Calista snips the thread and I let out a rueful laugh.
“Not an excuse, really, but you can imagine their displeasure when they’d find a troublesome teenager on their doorstep. Roger was used to getting his way so we butted heads a lot. He roughed me up on occasion but nothing serious.”
I trail off, losing the nerve and finding it again in a set of emerald eyes.
“He was playing poker with his buddies and I heard him talking about Cruella. The kind of stuff no husband should say about their wife, let alone my mum.”
Anger twirls around the hurt, a volatile emotion that’s done it’s best to protect the softer parts all these years.
“I called him on his bullshit. He said it was none of my business, called me a few names and I spat in his face. It was a dick move but I wouldn’t stand for the things he was saying about my mum.”
The fire in my belly fades as the darkness creeps in, the tight quarters of the closet threatening to suffocate me right where I stand.
Calista’s hand wraps around mine, an anchor keeping me in the present.
I lift her hand and press it against the stitches lining my neck. Her eyes follow the movement, the harsh jut of my Adam’s apple scrapping her palm with every swallow.

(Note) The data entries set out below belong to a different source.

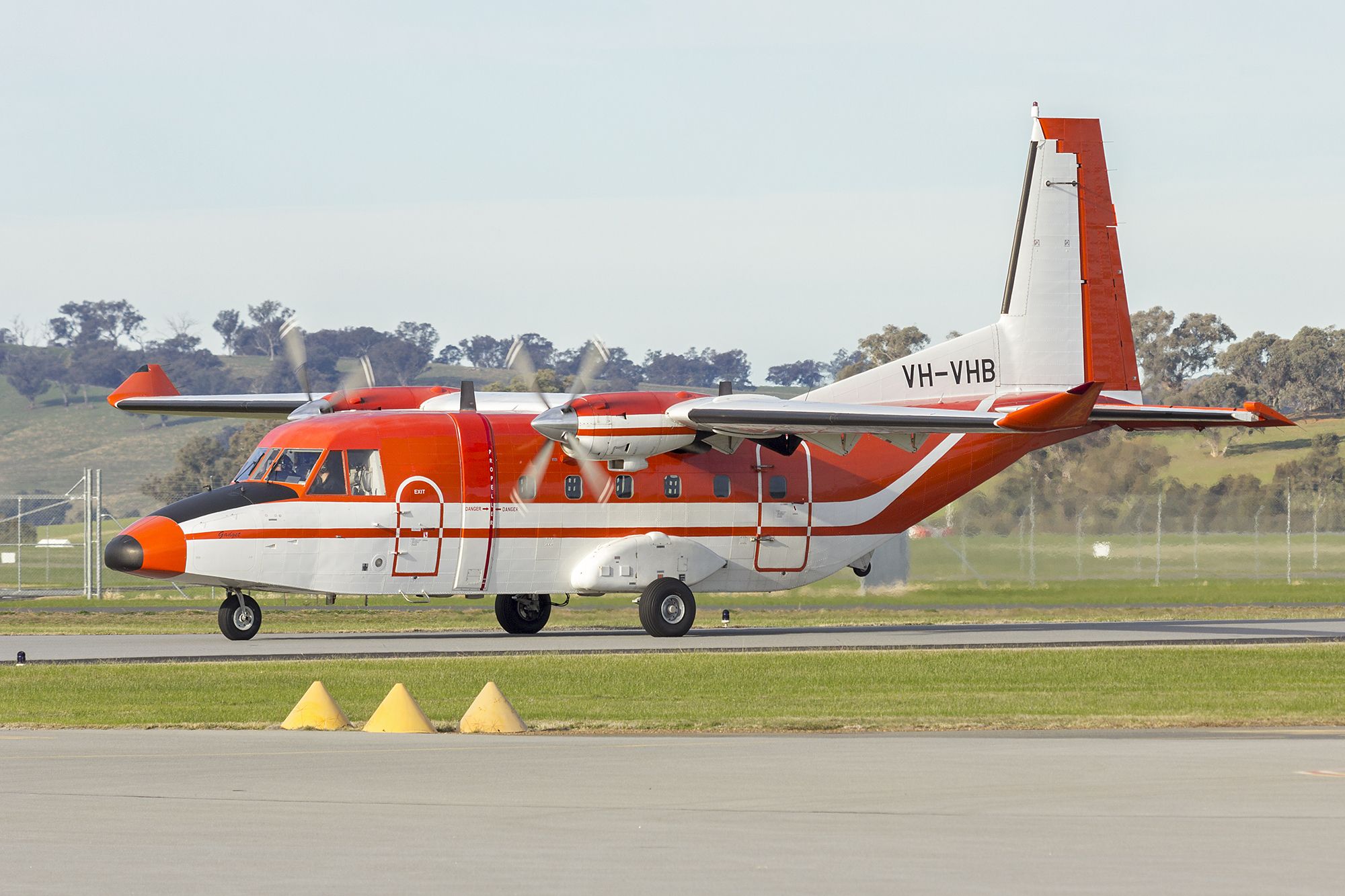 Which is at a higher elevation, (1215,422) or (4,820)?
(1215,422)

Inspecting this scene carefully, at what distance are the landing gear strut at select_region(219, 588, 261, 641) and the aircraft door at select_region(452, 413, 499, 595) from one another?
3511 millimetres

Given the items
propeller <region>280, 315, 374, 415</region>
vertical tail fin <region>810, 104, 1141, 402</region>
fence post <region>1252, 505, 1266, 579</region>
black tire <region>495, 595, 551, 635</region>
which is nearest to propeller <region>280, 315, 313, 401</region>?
propeller <region>280, 315, 374, 415</region>

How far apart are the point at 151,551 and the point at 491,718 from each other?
44.2ft

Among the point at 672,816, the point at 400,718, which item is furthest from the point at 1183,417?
the point at 672,816

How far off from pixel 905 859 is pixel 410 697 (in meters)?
7.98

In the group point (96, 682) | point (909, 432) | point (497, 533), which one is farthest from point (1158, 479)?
point (96, 682)

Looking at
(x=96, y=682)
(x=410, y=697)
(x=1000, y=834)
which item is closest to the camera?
(x=1000, y=834)

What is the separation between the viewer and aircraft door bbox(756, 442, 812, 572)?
3186 cm

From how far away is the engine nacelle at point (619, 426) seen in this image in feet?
96.0

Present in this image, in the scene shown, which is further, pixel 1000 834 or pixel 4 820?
pixel 4 820

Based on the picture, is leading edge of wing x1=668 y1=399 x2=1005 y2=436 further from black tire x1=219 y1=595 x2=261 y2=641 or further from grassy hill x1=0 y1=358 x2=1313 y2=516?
grassy hill x1=0 y1=358 x2=1313 y2=516

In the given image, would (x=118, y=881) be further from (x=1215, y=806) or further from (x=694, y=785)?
(x=1215, y=806)

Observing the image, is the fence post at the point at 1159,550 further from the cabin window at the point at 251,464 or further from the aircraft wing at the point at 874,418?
the cabin window at the point at 251,464

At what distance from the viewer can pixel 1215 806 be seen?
10562 millimetres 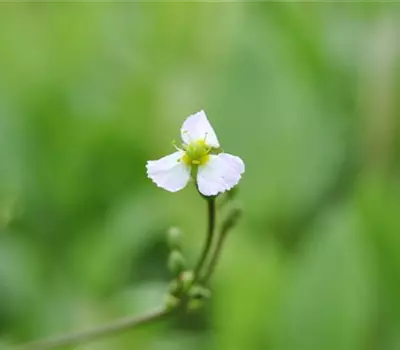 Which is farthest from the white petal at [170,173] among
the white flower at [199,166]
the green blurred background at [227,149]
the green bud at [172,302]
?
the green blurred background at [227,149]

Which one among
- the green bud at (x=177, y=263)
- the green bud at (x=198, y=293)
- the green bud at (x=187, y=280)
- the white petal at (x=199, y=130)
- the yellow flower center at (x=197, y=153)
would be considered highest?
the white petal at (x=199, y=130)

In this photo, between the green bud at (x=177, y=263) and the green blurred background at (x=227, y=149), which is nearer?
the green bud at (x=177, y=263)

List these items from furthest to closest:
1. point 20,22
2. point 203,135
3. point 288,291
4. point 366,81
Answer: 1. point 20,22
2. point 366,81
3. point 288,291
4. point 203,135

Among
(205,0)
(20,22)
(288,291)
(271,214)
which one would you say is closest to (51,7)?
(20,22)

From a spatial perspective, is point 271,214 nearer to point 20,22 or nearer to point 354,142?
point 354,142

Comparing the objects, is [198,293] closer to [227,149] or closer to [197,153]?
[197,153]

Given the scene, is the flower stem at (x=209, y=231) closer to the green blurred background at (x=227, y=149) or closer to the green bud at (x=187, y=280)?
the green bud at (x=187, y=280) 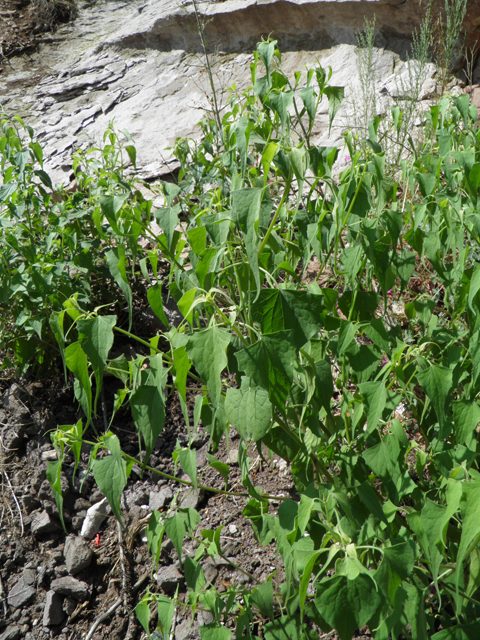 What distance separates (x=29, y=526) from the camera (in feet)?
6.72

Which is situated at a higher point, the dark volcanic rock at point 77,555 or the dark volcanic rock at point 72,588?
the dark volcanic rock at point 77,555

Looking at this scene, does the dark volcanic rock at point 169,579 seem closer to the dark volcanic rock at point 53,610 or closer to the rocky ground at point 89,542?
the rocky ground at point 89,542

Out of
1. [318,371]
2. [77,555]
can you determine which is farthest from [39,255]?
[318,371]

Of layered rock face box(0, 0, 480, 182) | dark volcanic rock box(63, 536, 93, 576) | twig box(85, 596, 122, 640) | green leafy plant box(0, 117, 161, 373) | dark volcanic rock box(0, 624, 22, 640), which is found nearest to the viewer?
twig box(85, 596, 122, 640)

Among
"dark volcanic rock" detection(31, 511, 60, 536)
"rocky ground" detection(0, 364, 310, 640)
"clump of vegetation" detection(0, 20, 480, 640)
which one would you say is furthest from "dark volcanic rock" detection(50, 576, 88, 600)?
"clump of vegetation" detection(0, 20, 480, 640)

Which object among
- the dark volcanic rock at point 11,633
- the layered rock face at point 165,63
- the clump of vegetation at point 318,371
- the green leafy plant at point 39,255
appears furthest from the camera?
the layered rock face at point 165,63

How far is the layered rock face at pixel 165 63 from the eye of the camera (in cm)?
358

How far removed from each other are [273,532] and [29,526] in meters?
1.31

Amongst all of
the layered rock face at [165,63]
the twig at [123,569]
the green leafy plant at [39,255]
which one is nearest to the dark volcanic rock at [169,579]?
the twig at [123,569]

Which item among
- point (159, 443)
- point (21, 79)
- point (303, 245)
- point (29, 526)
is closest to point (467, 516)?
point (303, 245)

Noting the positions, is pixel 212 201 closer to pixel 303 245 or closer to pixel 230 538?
pixel 303 245

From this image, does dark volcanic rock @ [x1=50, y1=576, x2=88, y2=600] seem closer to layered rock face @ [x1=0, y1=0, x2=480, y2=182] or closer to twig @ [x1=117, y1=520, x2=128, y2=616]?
twig @ [x1=117, y1=520, x2=128, y2=616]

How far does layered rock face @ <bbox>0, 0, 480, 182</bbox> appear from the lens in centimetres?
358

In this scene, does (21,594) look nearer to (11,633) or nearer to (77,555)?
(11,633) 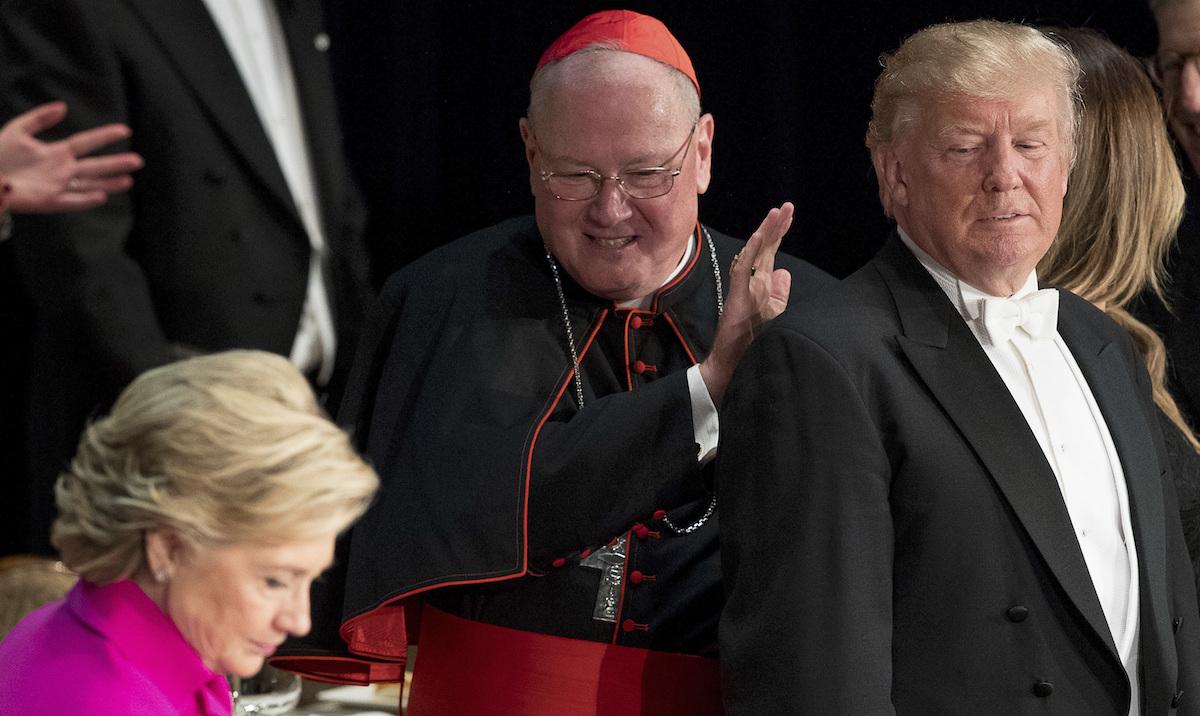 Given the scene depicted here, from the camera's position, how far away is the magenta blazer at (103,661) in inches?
68.8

“He put a collar on me. One of those studded ones that dig into the animals fur.” I close my eyes and press her fingers into my skin, letting her feel the marks the metal spikes left behind, “It was too tight. So was the cage he put me in.”

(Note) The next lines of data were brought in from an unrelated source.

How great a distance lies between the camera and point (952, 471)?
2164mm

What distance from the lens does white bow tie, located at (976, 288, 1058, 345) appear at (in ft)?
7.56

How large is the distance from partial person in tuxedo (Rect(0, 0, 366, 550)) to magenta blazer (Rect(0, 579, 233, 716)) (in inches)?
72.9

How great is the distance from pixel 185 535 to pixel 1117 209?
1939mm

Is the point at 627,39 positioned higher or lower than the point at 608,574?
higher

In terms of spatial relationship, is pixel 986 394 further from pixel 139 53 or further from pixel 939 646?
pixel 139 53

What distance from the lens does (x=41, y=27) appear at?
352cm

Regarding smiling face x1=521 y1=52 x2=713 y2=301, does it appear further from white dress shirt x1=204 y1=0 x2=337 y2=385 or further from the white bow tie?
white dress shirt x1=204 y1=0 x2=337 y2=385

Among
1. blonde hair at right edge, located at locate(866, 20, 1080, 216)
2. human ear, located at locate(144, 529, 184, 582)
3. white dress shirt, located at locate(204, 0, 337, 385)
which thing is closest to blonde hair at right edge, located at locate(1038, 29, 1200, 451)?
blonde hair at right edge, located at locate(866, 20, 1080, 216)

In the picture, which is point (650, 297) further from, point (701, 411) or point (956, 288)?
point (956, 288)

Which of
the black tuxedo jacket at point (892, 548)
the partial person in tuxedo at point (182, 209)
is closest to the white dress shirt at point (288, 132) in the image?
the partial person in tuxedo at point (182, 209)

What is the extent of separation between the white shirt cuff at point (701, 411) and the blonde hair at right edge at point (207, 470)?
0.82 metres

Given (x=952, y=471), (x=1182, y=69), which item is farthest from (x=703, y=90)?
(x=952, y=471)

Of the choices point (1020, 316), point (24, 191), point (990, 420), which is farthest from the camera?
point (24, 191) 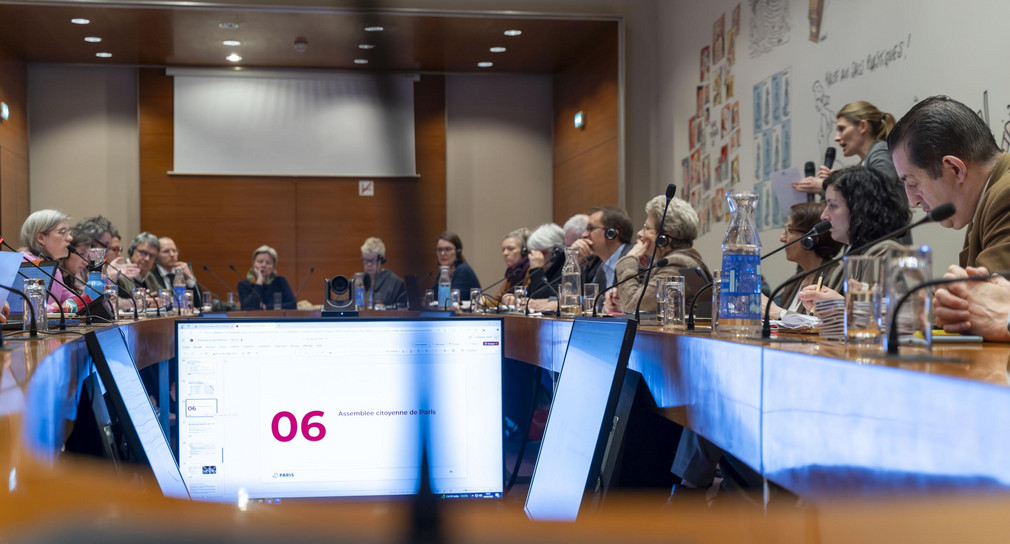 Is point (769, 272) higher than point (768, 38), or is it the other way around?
point (768, 38)

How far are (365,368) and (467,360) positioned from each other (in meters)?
0.14

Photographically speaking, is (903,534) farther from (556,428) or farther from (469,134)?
(469,134)

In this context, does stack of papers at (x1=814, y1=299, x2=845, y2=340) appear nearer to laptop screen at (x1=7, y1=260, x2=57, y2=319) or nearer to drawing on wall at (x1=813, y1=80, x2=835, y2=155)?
laptop screen at (x1=7, y1=260, x2=57, y2=319)

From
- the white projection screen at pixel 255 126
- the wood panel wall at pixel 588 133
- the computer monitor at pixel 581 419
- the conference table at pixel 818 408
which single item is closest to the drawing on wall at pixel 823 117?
the wood panel wall at pixel 588 133

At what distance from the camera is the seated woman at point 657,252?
3152 millimetres

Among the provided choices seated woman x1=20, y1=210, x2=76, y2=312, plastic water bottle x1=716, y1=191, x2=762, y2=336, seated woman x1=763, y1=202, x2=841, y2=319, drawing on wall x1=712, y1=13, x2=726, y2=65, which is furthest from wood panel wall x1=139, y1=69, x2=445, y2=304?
plastic water bottle x1=716, y1=191, x2=762, y2=336

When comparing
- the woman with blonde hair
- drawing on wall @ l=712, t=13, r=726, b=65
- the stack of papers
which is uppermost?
drawing on wall @ l=712, t=13, r=726, b=65

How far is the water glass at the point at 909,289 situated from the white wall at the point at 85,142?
25.7ft

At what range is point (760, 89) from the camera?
483 cm

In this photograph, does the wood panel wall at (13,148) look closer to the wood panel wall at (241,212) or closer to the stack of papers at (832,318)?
the wood panel wall at (241,212)

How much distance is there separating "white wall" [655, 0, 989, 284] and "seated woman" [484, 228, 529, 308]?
1163mm

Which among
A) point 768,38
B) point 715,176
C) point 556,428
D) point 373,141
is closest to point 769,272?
point 715,176

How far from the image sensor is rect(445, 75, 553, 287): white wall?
27.1 feet

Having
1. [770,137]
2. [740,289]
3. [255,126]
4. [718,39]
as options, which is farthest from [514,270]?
[740,289] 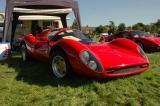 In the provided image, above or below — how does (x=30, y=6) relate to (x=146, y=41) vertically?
above

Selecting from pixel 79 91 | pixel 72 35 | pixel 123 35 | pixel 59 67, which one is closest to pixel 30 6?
pixel 123 35

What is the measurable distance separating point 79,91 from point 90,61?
1.99ft

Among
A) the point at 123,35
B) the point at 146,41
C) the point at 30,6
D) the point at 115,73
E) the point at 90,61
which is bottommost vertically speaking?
the point at 115,73

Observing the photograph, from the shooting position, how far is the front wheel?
5.24m

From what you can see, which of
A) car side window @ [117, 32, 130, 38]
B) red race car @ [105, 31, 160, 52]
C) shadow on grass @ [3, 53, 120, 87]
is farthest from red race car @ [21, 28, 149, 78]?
car side window @ [117, 32, 130, 38]

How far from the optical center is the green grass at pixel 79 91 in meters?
4.04

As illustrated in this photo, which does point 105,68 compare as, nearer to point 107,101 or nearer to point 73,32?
point 107,101

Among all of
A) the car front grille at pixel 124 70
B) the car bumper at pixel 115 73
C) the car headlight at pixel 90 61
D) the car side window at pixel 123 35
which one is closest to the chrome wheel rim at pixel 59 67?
the car headlight at pixel 90 61

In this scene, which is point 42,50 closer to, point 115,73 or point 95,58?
point 95,58

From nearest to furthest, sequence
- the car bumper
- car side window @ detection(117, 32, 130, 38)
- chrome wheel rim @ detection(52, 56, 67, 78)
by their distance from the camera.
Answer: the car bumper
chrome wheel rim @ detection(52, 56, 67, 78)
car side window @ detection(117, 32, 130, 38)

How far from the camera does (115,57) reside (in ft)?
16.9

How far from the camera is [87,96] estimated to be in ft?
14.0

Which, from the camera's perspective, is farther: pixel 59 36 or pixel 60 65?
pixel 59 36

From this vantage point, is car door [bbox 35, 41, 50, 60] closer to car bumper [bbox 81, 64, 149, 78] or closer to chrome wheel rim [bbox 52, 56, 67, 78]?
chrome wheel rim [bbox 52, 56, 67, 78] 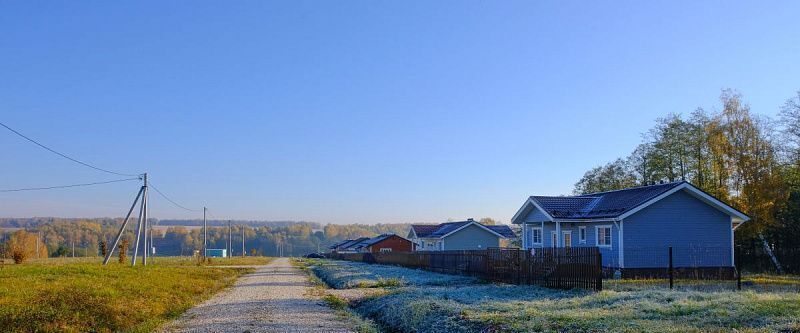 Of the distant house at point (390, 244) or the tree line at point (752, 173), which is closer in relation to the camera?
the tree line at point (752, 173)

Guiding her hand down my chest, I point out each and every scar.
“Got his buddies to pitch in. Using whatever hunting equipment they could find to beat me in that cage. And when that wasn’t enough, Roger went and got the branding iron from the stables.”
Rounding the curve of my ribcage, I let her fingers hit the ridge along my back. The raised skin that bears my stepfather’s prized brand, the initials of his pack of wild beasts.
My chest collapses beneath the weight of my breath, the ink spilling across my body not strong enough to keep my pathetic self from leaking out.
“He said if I was going to act like an animal then I’d get treated like one.”
A tear slinks down my cheeks as I look at the one person who understands what it’s like be tied down and ripped apart. Dismantled and disfigured until you forget what kind of person lived there in the first place.
“Did you tell her?”
“I was embarrassed.” Empty laughter escapes my chest, “I didn’t want to admit I’d been overpowered, you know? Took me a few days to seek medical attention on my own and then a few more to work up the courage. But by then...”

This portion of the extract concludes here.